----- SUPPLIED MATERIAL -----
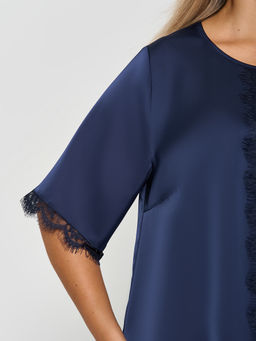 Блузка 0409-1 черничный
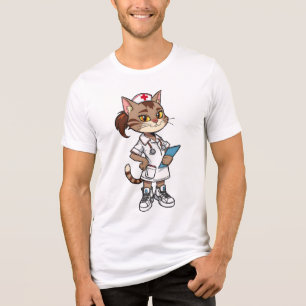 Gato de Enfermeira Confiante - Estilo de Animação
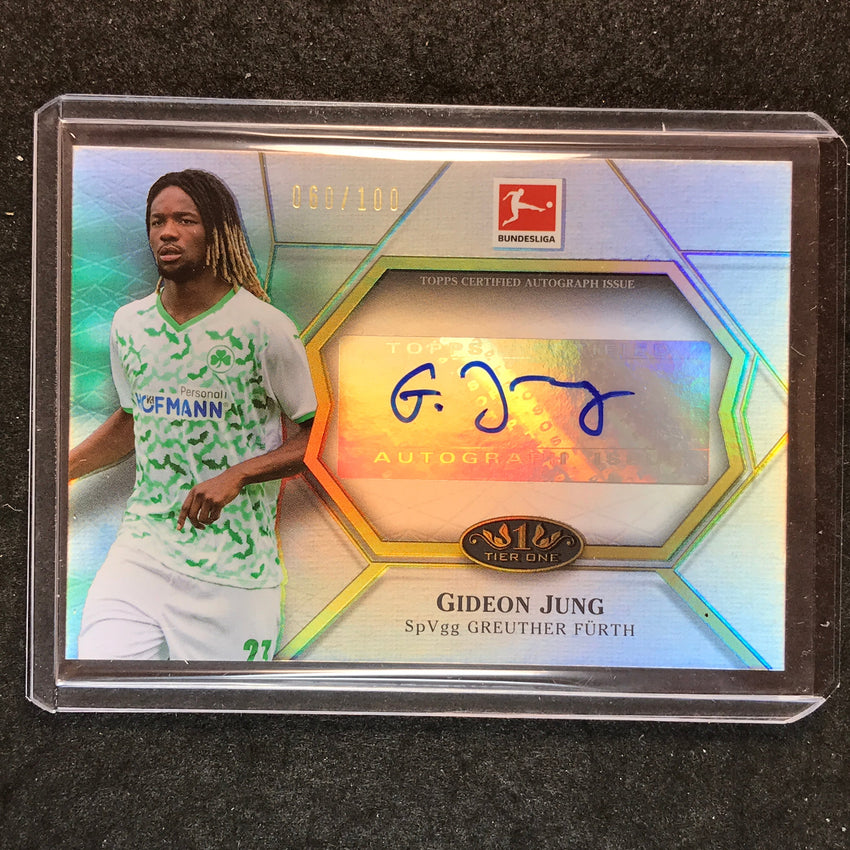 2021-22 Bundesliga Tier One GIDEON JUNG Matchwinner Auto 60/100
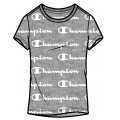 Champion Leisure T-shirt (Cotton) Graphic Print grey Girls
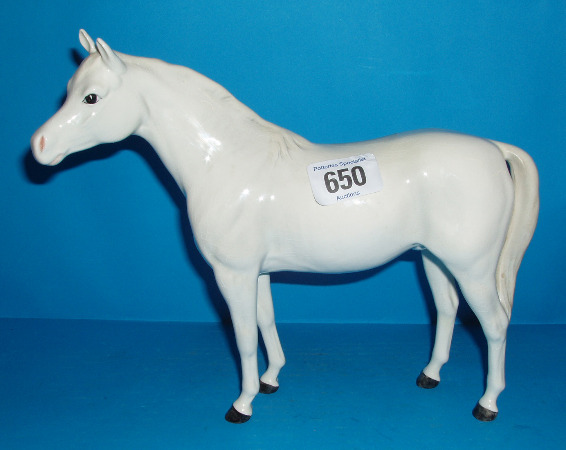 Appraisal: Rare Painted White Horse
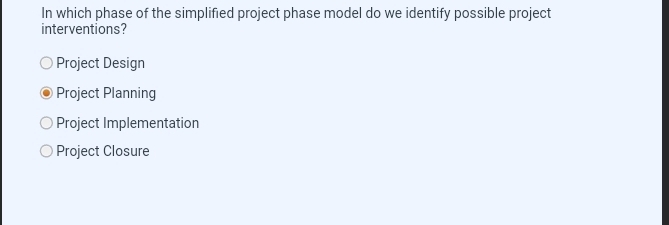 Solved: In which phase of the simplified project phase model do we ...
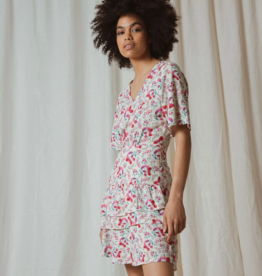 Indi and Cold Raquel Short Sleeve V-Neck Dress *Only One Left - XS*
-----
Each line from the first line of the listing through the line with "Solved: In which" must be printed exactly, both ends included, and no picture may appear.

ANSWER BOX:
 Блузка 0409-1 черничный
 Gato de Enfermeira Confiante - Estilo de Animação
 2021-22 Bundesliga Tier One GIDEON JUNG Matchwinner Auto 60/100
 Champion Leisure T-shirt (Cotton) Graphic Print grey Girls
 Appraisal: Rare Painted White Horse
 Solved: In which phase of the simplified project phase model do we ...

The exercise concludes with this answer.